▸ Work to be completed:
Return nothing but the lines from the one with "Icon of the" through the one with "Departamento en Venta" in the data below, word for word and without pictures.

▸ Exercise material:
[Start of Attachment]

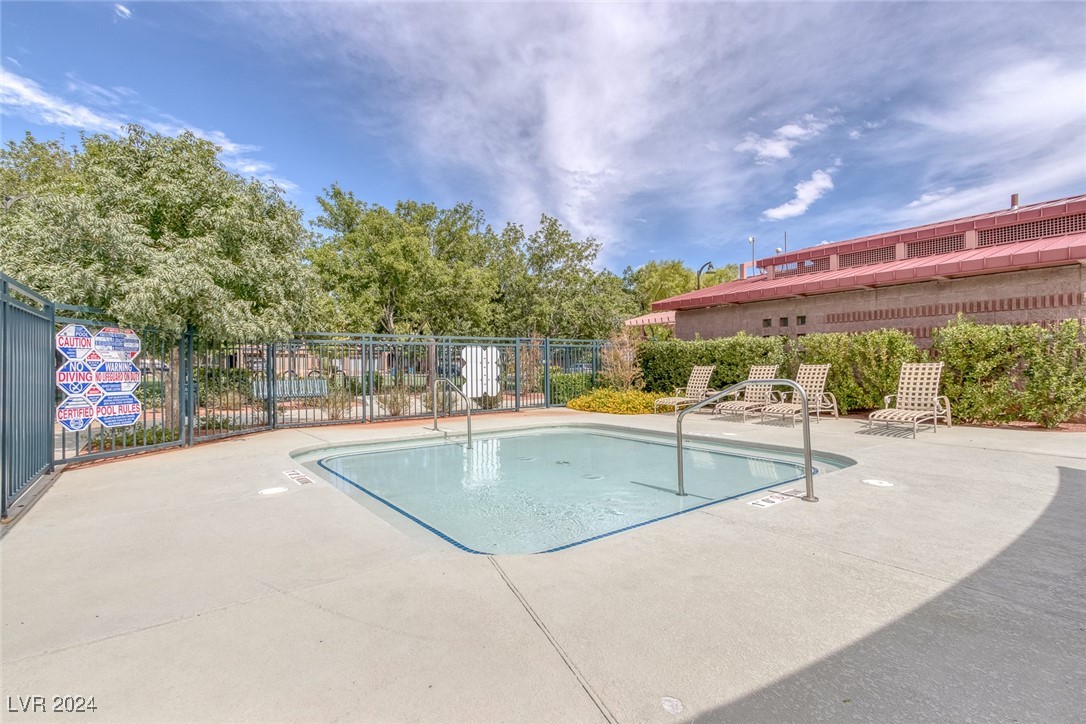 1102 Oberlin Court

[End of Attachment]
[Start of Attachment]

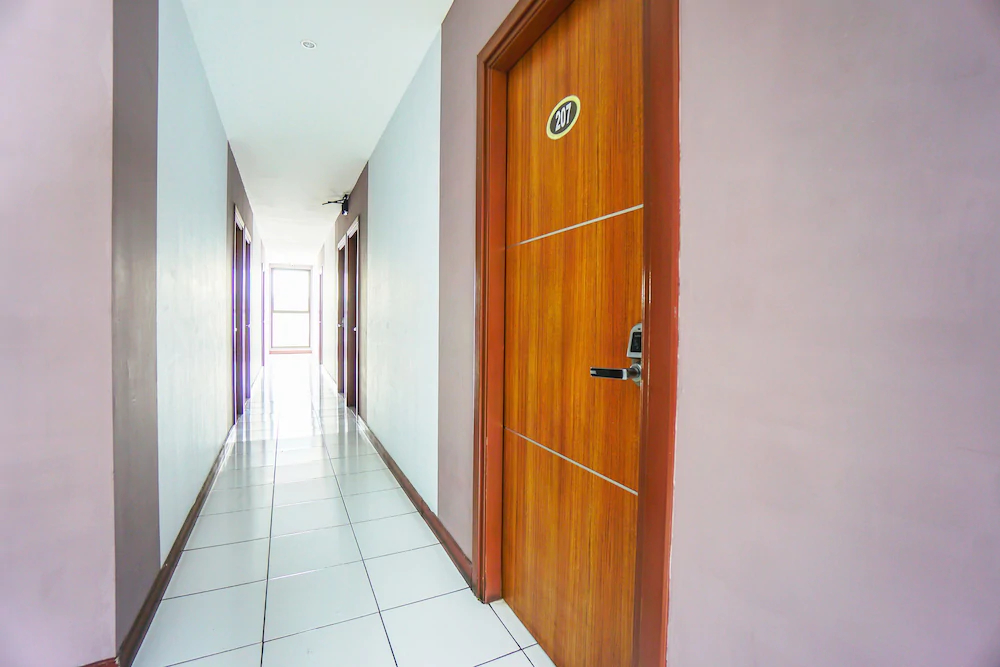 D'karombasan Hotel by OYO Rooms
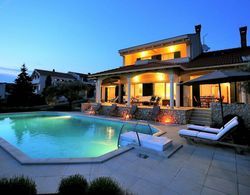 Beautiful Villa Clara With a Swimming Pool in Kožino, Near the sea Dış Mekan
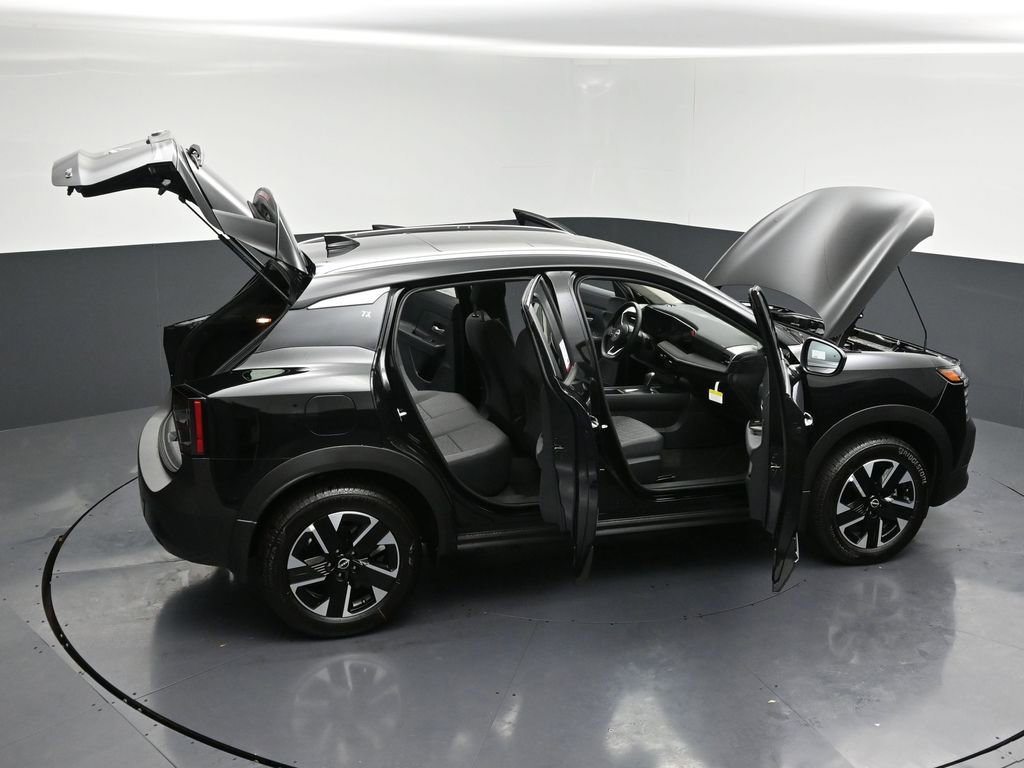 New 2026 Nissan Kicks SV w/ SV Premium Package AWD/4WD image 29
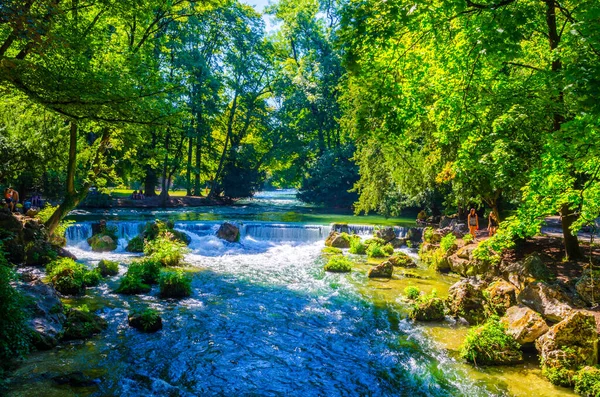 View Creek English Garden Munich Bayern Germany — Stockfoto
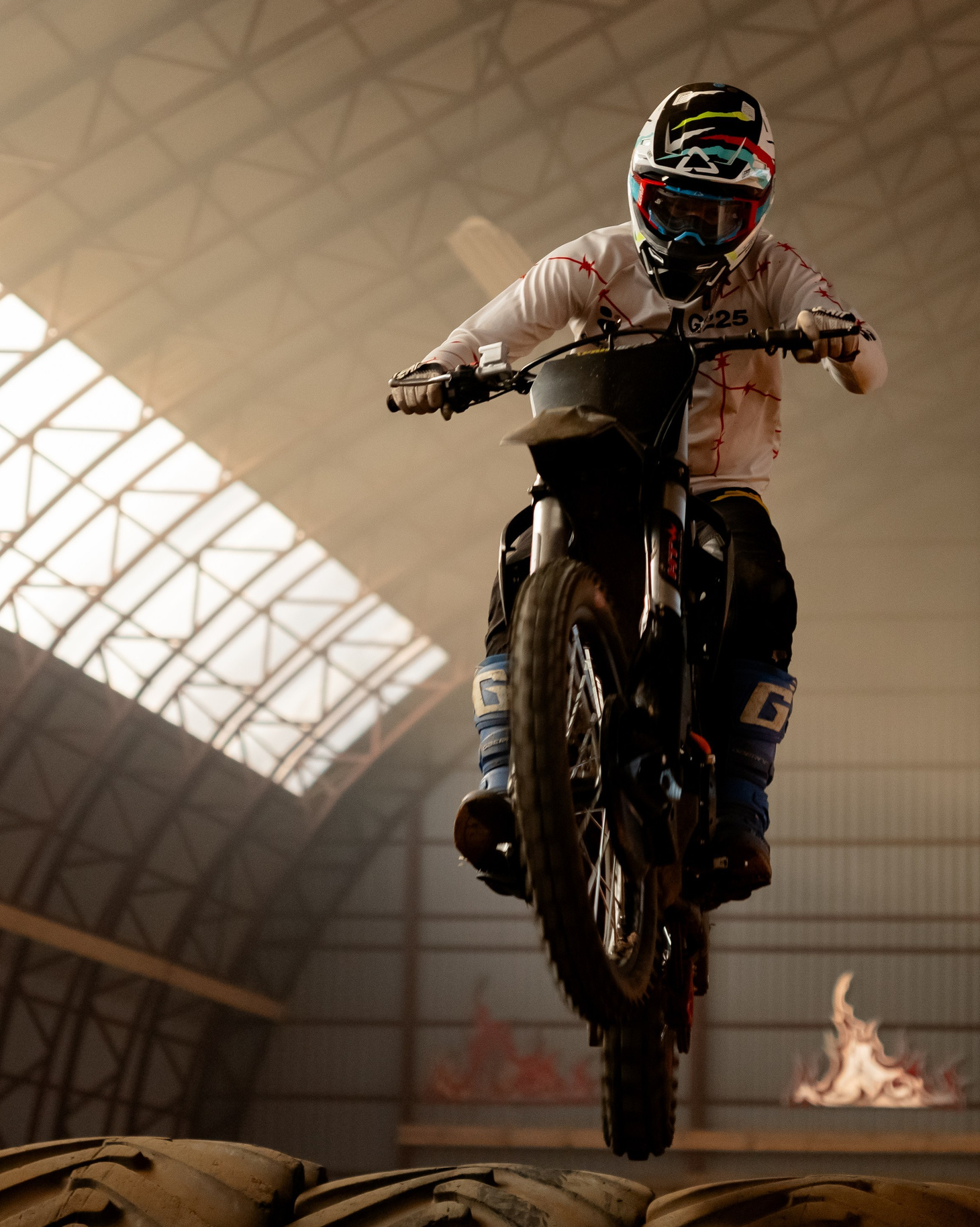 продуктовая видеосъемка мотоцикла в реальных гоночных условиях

[End of Attachment]
[Start of Attachment]

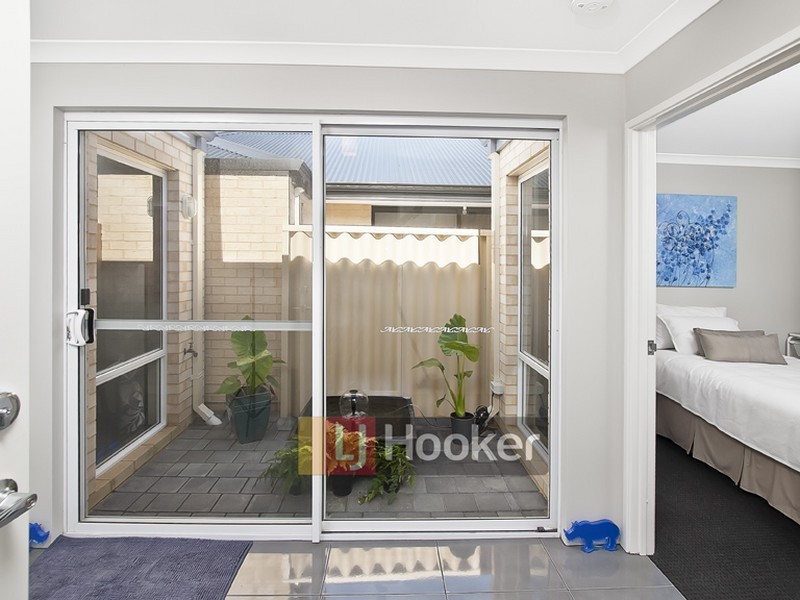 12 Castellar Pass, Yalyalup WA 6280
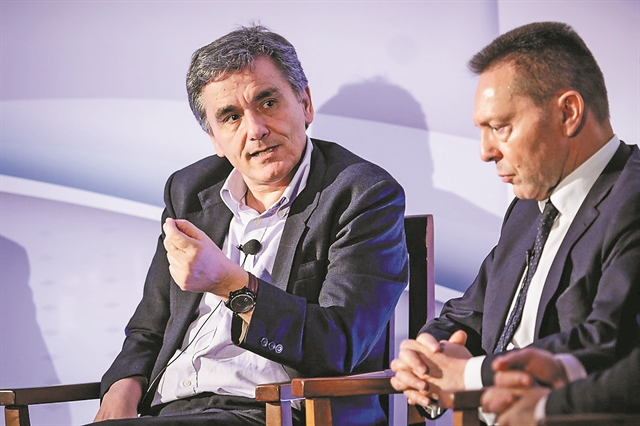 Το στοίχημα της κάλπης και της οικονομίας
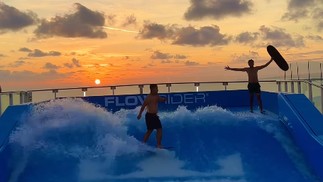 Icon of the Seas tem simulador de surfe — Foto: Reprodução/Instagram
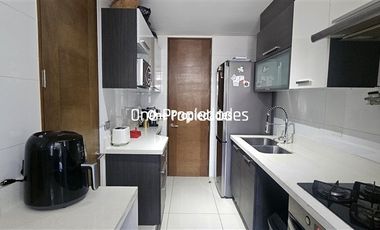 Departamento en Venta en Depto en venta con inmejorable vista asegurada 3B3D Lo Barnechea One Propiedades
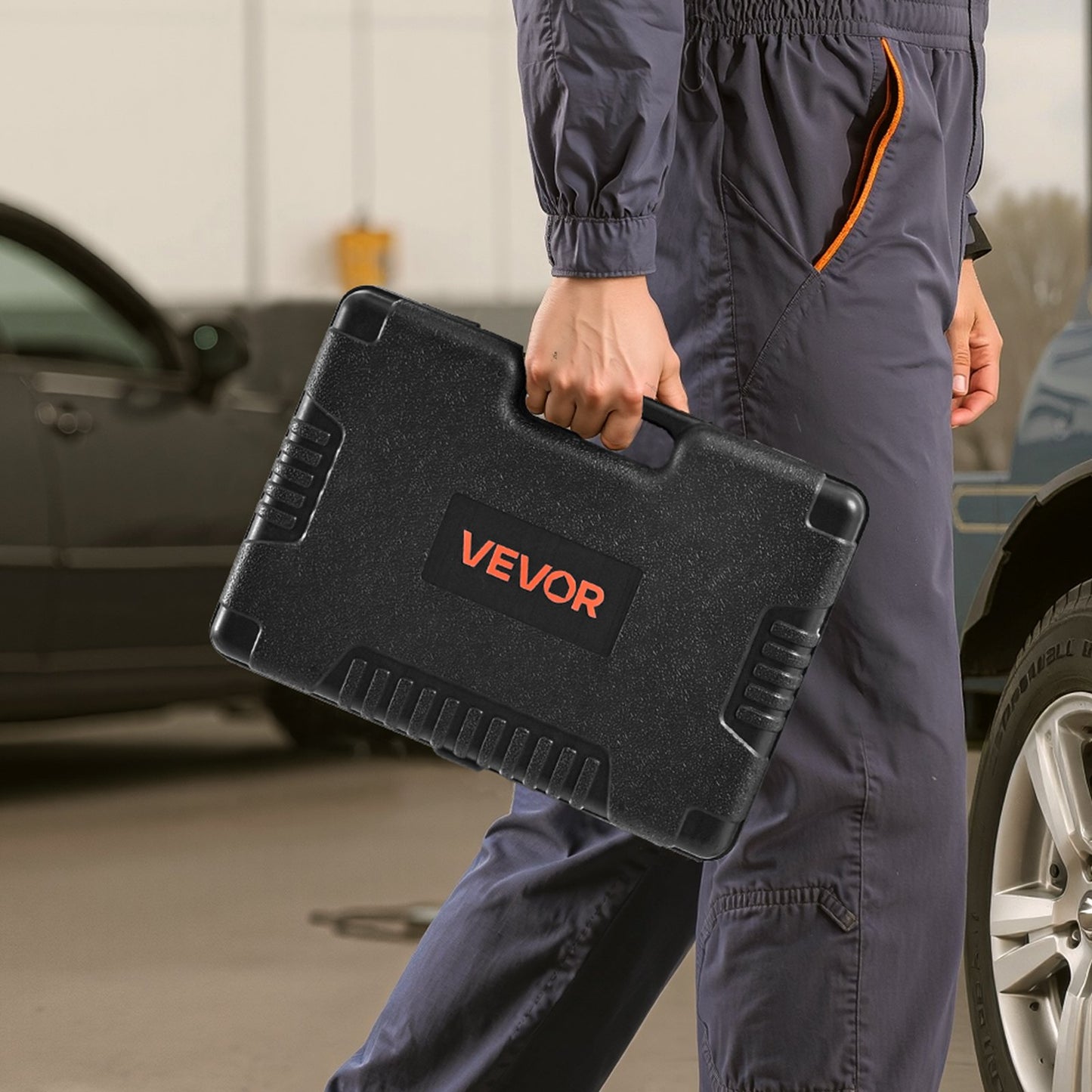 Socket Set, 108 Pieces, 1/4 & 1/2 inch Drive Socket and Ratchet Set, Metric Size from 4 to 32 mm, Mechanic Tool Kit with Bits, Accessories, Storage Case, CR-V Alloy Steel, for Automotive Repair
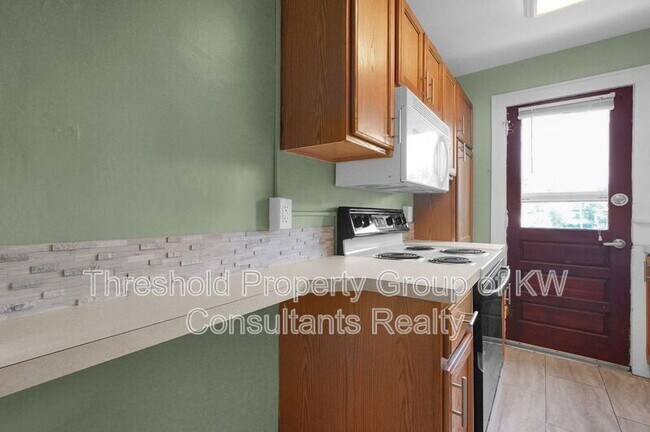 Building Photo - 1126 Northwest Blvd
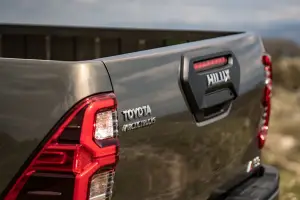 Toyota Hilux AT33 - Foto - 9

[End of Attachment]

▸ Task output:
 Icon of the Seas tem simulador de surfe — Foto: Reprodução/Instagram
 Departamento en Venta en Depto en venta con inmejorable vista asegurada 3B3D Lo Barnechea One Propiedades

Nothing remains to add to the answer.